You must at least explore the tutorials available to you in order to unlock the other modes of play, but completing the tutorials is a slog. Once you jump into the action, you find yourself annihilated by veteran players, but you learn more in this school of hard knocks than you do in the clumsy tutorial lessons. If you never explore the tutorials beyond what is required, advanced tooltips and optional educational bubbles aid you in deciphering which abilities are appropriate in different situations and how to use them. With that said, there's still a learning curve to contend with.
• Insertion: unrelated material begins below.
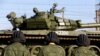 FILE - Russian tank crew members wait for their T-72B tank to be ready to move off a train shortly after Russian tanks arrived at a train station in the Crimean settlement of Gvardeiskoye.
Once you've jumped off the deep end straight into a real match, it's quickly obvious that there's no time for practice--you either step in line with the twitch-based encounters, or you meet a swift end. Once you've battled enough, you slowly become a competent player. There are five classes to master: assassin, pathfinder, pyromancer, shaman, and warden, each with nine specific abilities. Standard fantasy skills are exhibited among these specializations, including healing magic, stuns, slowing, and other tropes. Fortunately, standout abilities, such as swapping places with a player or trapping an enemy in place by way of an arrow, give Forge an identity of its own. These varied attacks contribute to the chaotic nature of the game, and lend a fresh lilt to what could have easily stagnated as the same played-out skill trees of other fantasy games.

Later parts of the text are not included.